Should Solvency Valuation Include Ongoing but Undiscovered Fraud?
Business Valuation Advisor, Winter 2008
In re Edgewater Medical Center, 2007 Bankr. LEXIS 2696 (August 15, 2007)
Most attorneys are well aware of the prohibition against including hindsight in the valuation of a business interest. But what about a current condition—present at the time of valuation—but unknown to all but company insiders, such as a pervasive accounting or Medicare fraud? This case examines both elements in the bankruptcy context and makes an interesting distinction between fraud that conceals insolvency and fraud that causes it.
$13 million Medicare fraud
In 1994, the principal owner of a hospital corporation and related holding company (which owned the hospital’s real estate assets) sold most of his interest to a nonprofit company, doing business as Edgewater Medical Center (EMC). The holding company retained ownership of certain properties adjacent to the hospital; two years later, in 1996, it granted EMC a ten-year lease and option to purchase the adjacent properties.
In 2001, EMC ceased operations and filed its Chapter 11 proceedings. At the time, the owner of the real estate holding company (the same one who sold the hospital operations to EMC) was charged with extensive Medicare fraud and related claims. After a lengthy trial—and fines and forfeitures of $13 million–the owner abruptly fired his lawyers and left the country.
In this next phase of proceedings, EMC attempted to recover the substantial (nearly $18,000 per month) rental payments made pursuant to the lease agreement as fraudulent or preferential transfers. Interestingly, it also included the holding company’s failure to exercise the lease option among its claims—all of which depended on EMC proving that it was bankrupt at the time of the transfers.
Fraud was pervasive but hidden
Neither party disputed that the Medicare fraud took place during the relevant valuation period. At trial, however, the defendant holding company claimed that EMC was solvent during the time, because—pursuant to the definitions under both the federal Bankruptcy Code and the local (Illinois) Uniform Fraudulent Transfer Act—its assets exceeded its debts. Evidence showed that EMC held over $29 million in cash and investments at the time of the transfers.
EMC didn’t directly challenge this valuation evidence. Instead, it presented credible expert testimony that had the ongoing Medicare fraud come to light in 1996, federal reimbursements would have ceased and the debtors would have been bankrupt. To advance its argument, EMC cited a New York bankruptcy case in which a debtor’s insolvency was hidden behind false accounts receivable and other financial misrepresentations.

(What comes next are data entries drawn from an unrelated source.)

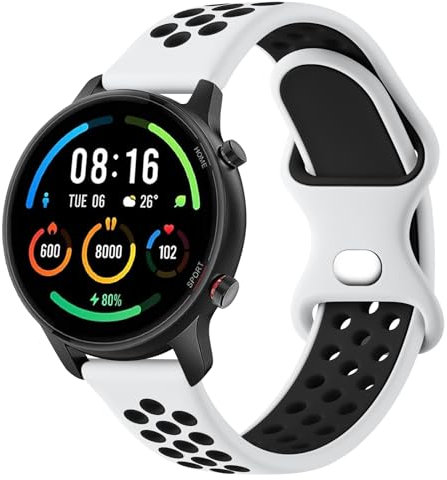 YLK Correa Compatible con Xiaomi Mi Watch/Watch S1/S1 Active/Color Sport, 22mm Silicona para Hombre y Mujer (Blanco Negro)
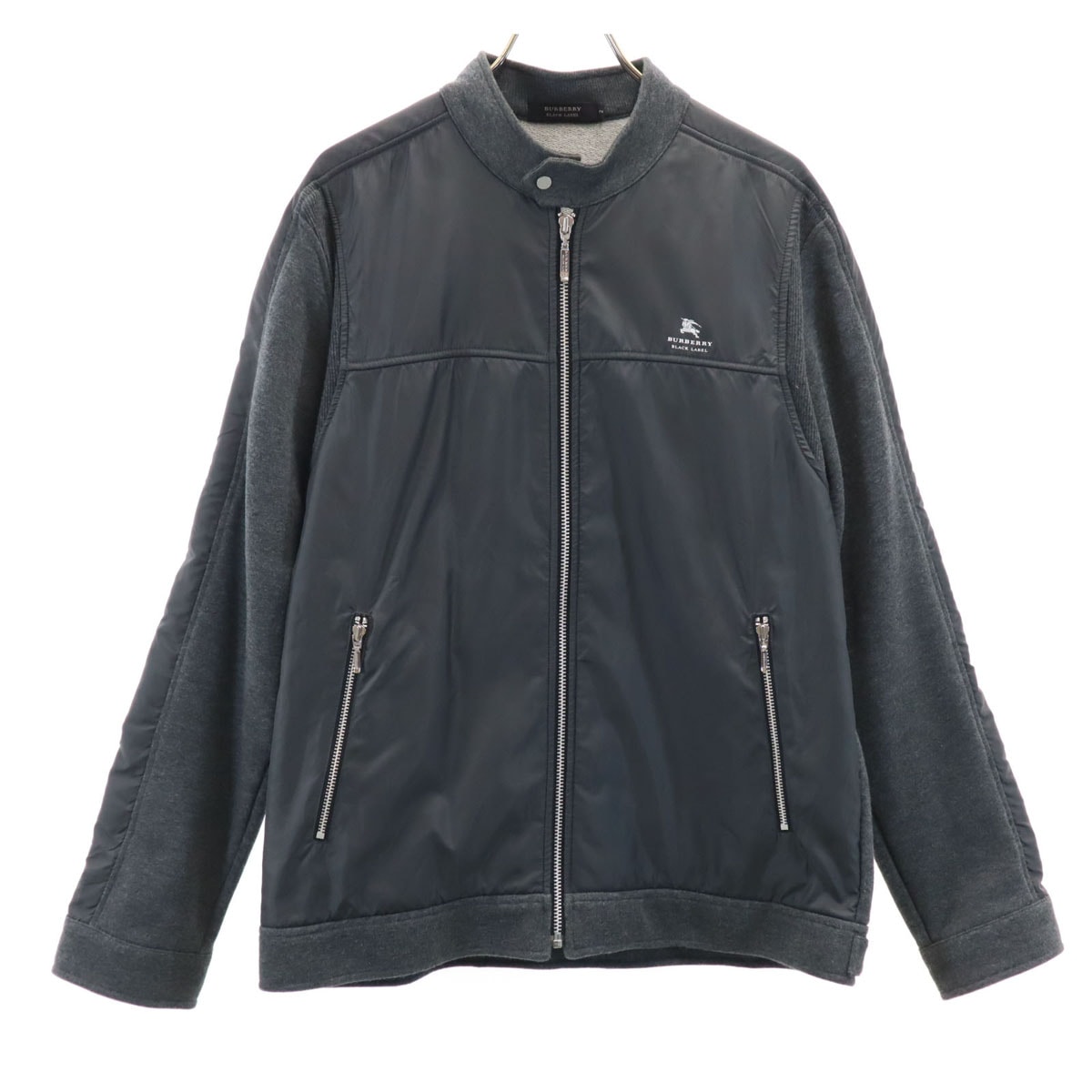 BURBERRY BLACK LABEL バーバリーブラックレーベル スウェット切替 シングルライダースジャケット 2 チャコールグレー 三陽商会 ブルゾン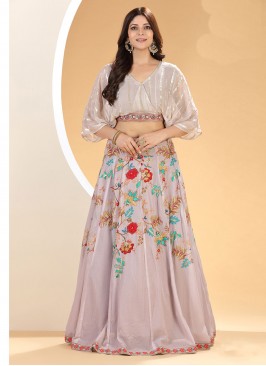 Beige Printed A Line Lehenga Choli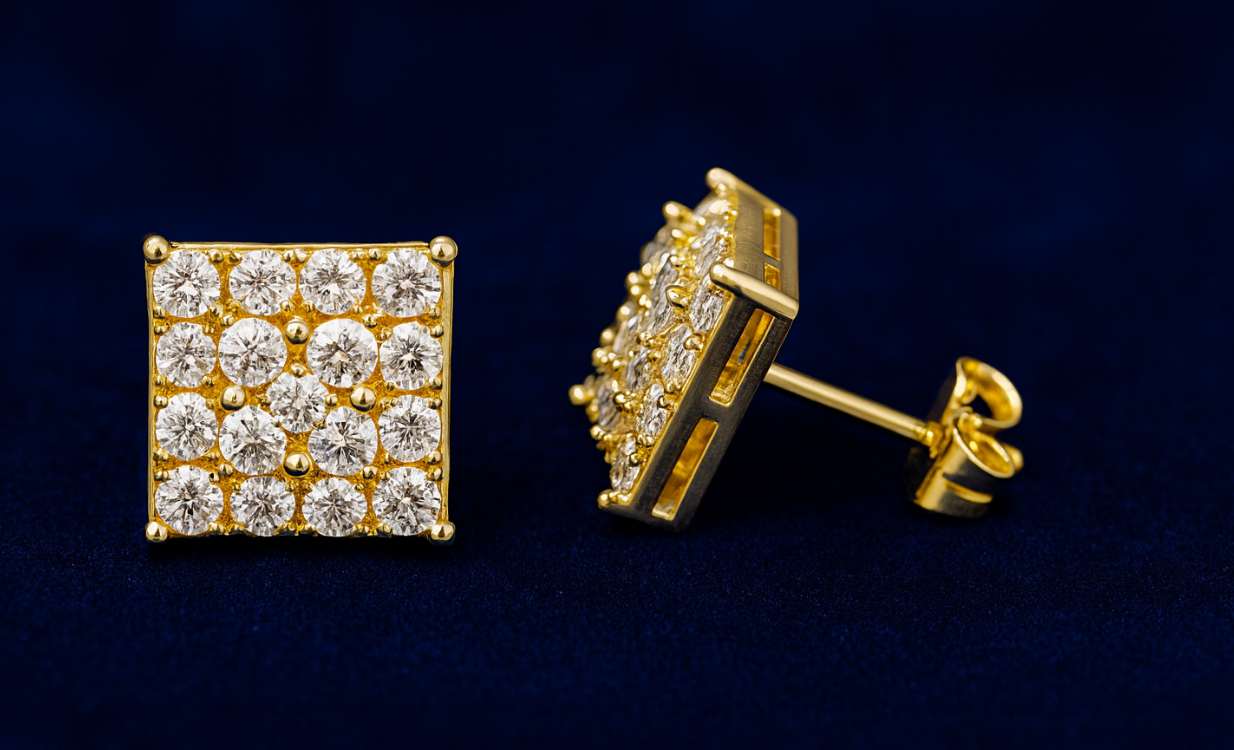 Moissanite Square Earrings Pavé Studs Galnuv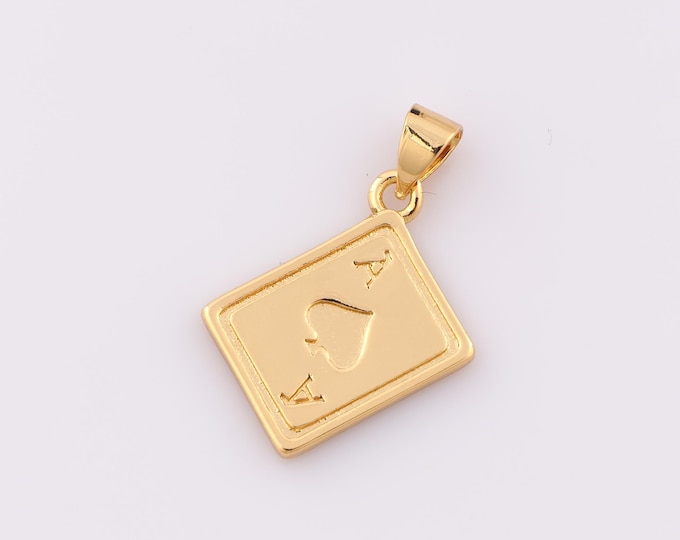 1 pcs Gold Playing Card Pendant,18K Gold Filled Playing Card Charm,Playing Card Charm DIY Bracelet Necklace Jewelry Making Findings Supply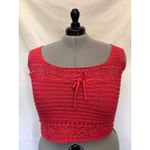 Y2K Jolie & Joy Knit Crochet Crop Womens Tank Top Sz 2X Coral Coquette Festival Orange Photo 12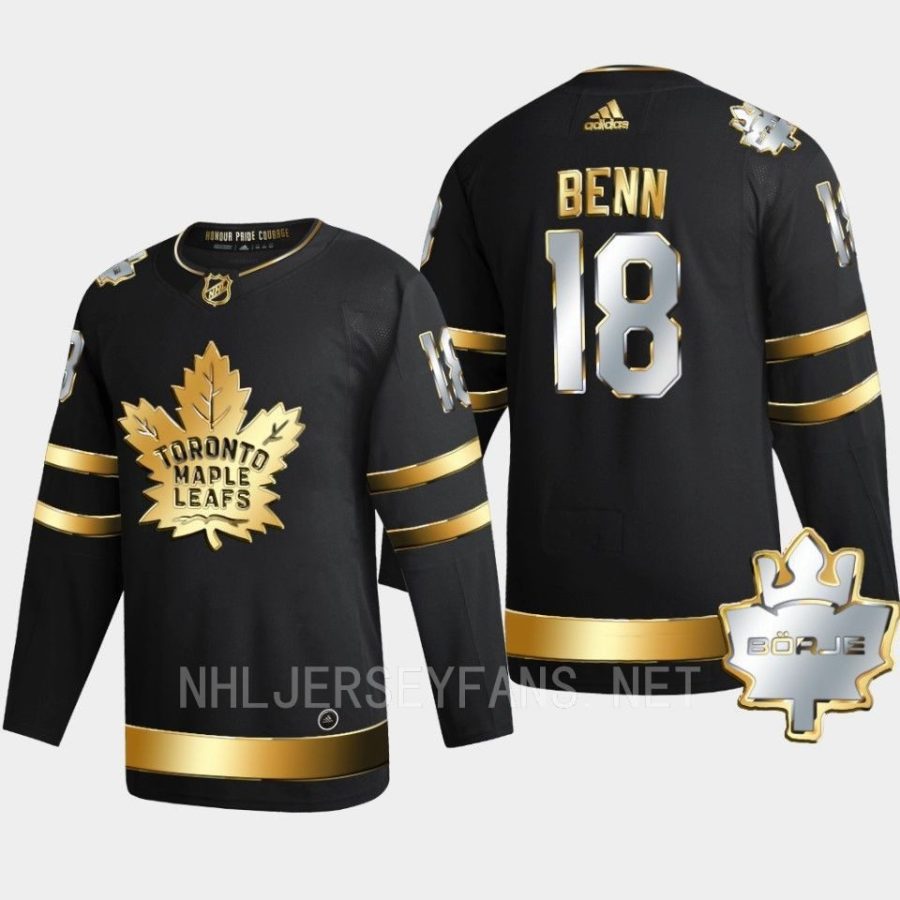 men maple leafs jordie benn 2022 golden edition the king borje patch black jersey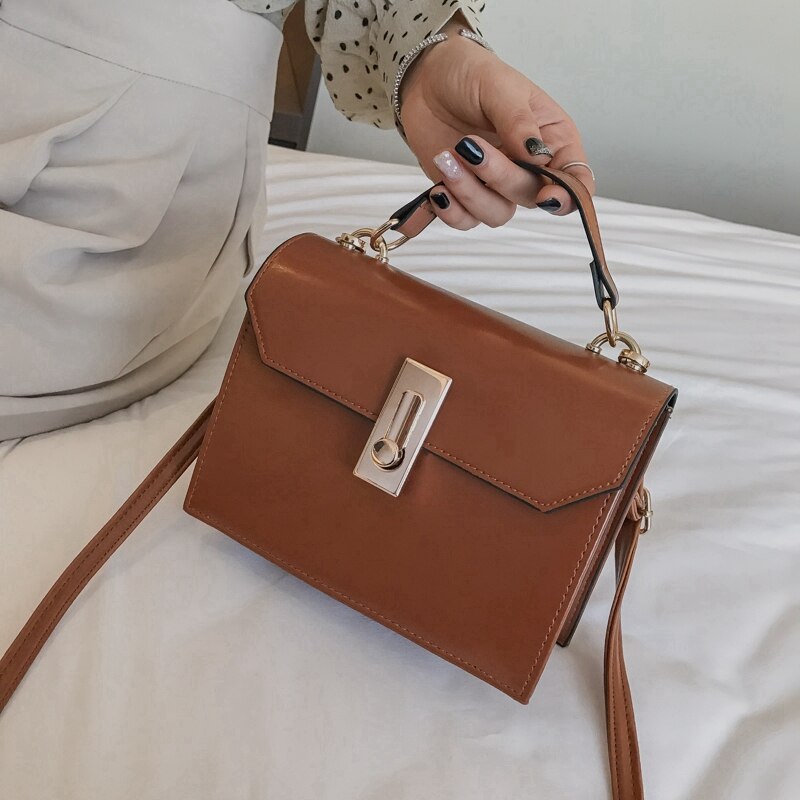 Women'S Shoulder Bag Fashion Small Wild Casual Solid Messenger Bag Handbag Small Square Bag - ebowsos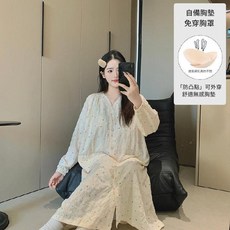 孕婦睡衣 雲朵棉長裙 帶胸墊, 5102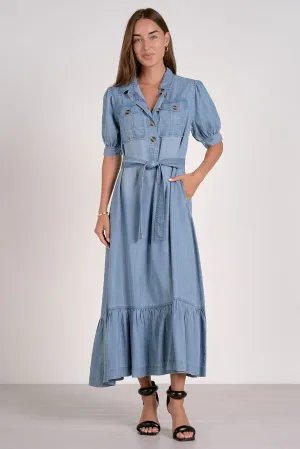 Jasmine Denim Button Front Maxi Dress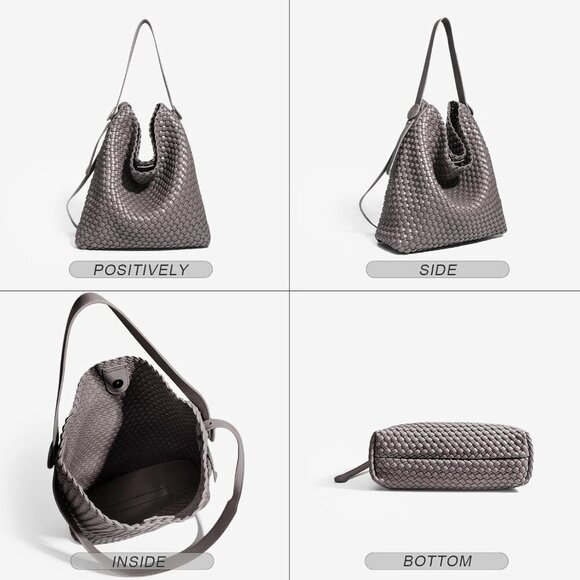 Versatile Large Women’s Tote & Clutch Set - Sustainable Vegan Leather Design - Picture 5 of 5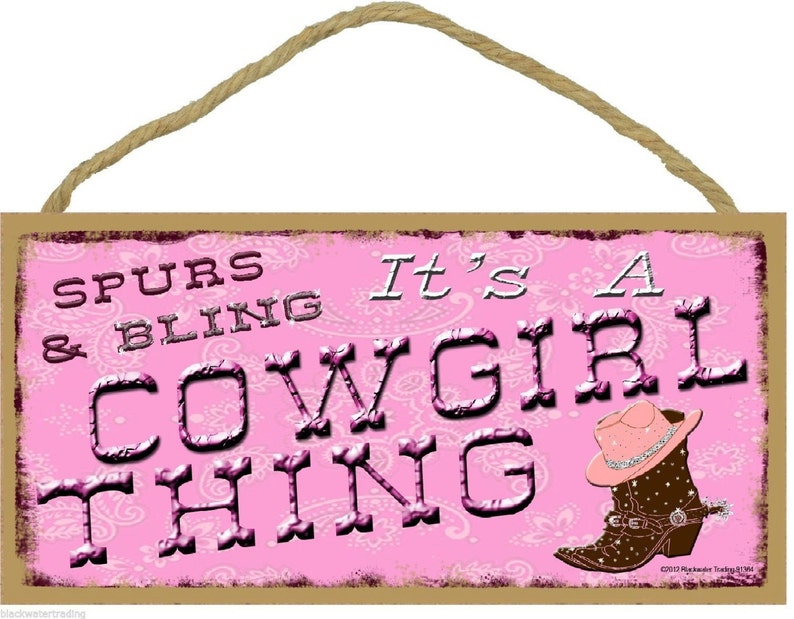 Spurs & Bling It's A COWGIRL Thing Western SIGN Rustic Lodge Cabin Ranch Decor 5 x 10 Plaque image 1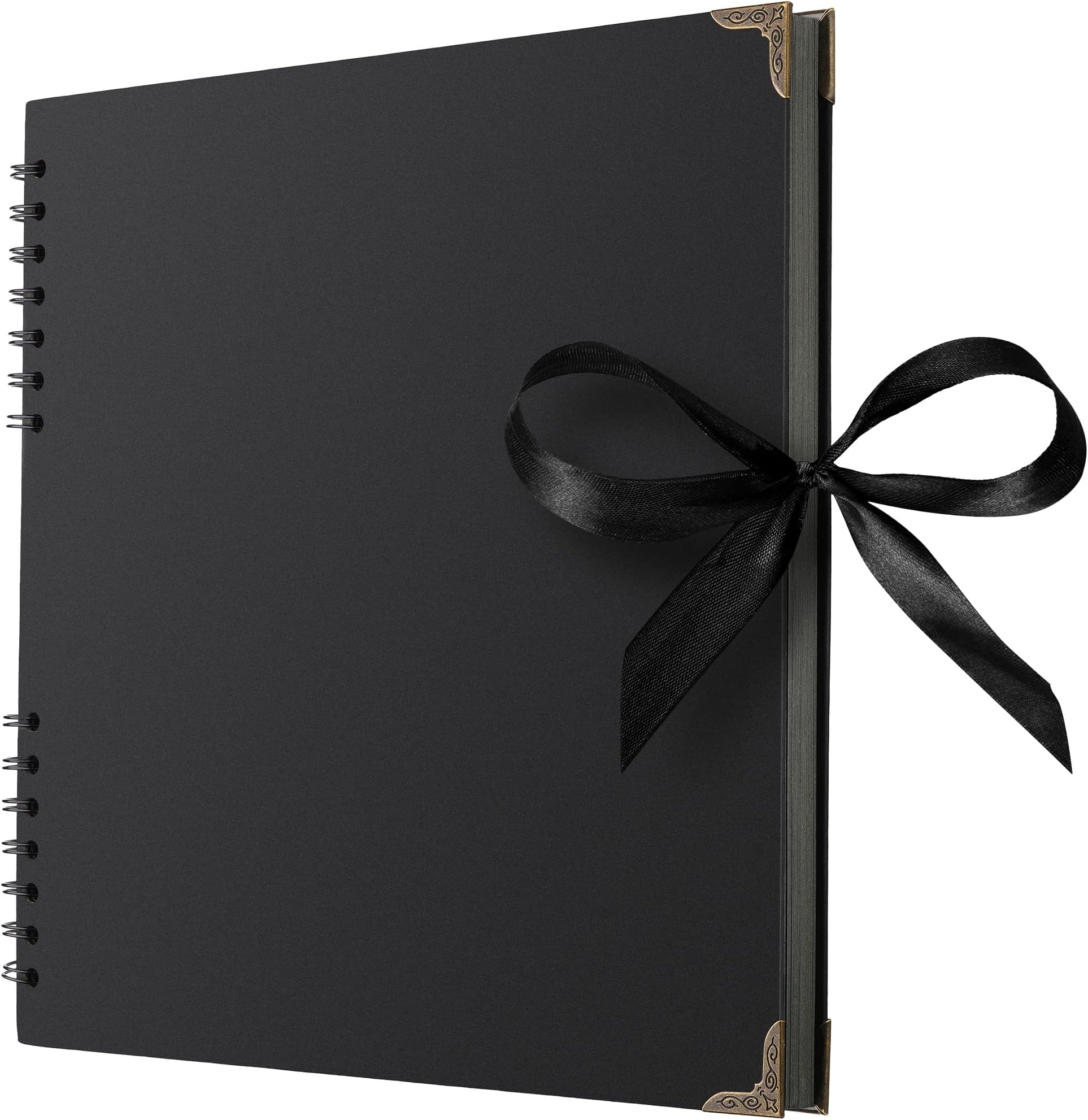 Bstorify Square Large Black Scrapbook Photo Albums 80 Pages (28 x 28 cm) Thick Kraft Paper Scrap Book, Memory Book, Ribbon Closure. Ideal for Your Scrapbooking, Art & Craft Projects (Black 28 x 28 Cm)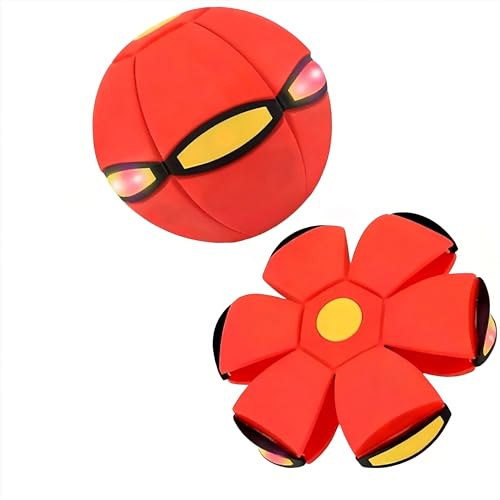 Pelota mágica rebotando, Pelota mágica de Doble Forma y platillo Volador con 6 Luces, interacción Entre Padres e Hijos, Adecuada para Uso en Interiores y Exteriores. (F)
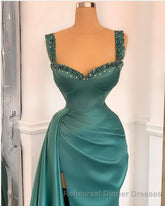 Simple Long A-Line Sweetheart Satin Semi Formal Prom Dress With Slit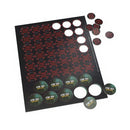 Star Trek cardboard token set with a black backing sheet and several round tokens printed with Star Trek and Alaskan Native designs, shown on a white background.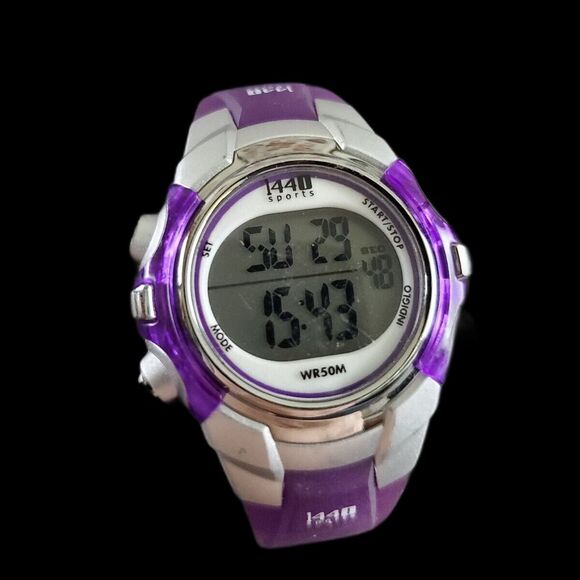 Timex 1440 Sports Purple & Silver Tone 50m Water Resistant Digital Ladies Watch - Picture 1 of 7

In theory, the Bankruptcy Court agreed. Whether valued on a going concern or liquidation basis, EMC was insolvent if the effect of the Medicare fraud was included in its valuation. But it distinguished the New York precedent. In that case:
The company actually was insolvent. It only appeared to be solvent because it was ‘cooking the books.’ In the case at bar, the debtor [EMC] might have been rendered insolvent if the Medicare fraud had been uncovered.
Further, in the case of falsified accounting records, there was no need to incorporate any hypothetical fines, penalties, or cessation of payments to make a finding of insolvency. "But that is exactly what [EMC] is asking the Court to do here." To find insolvency, the Court would have to disregard the company’s actual cash position and speculate on what would have happened had the government discovered the Medicare fraud. The Court declined to do so, and found that EMC was solvent at the time of the transfers, because its assets "clearly outweighed" its debts.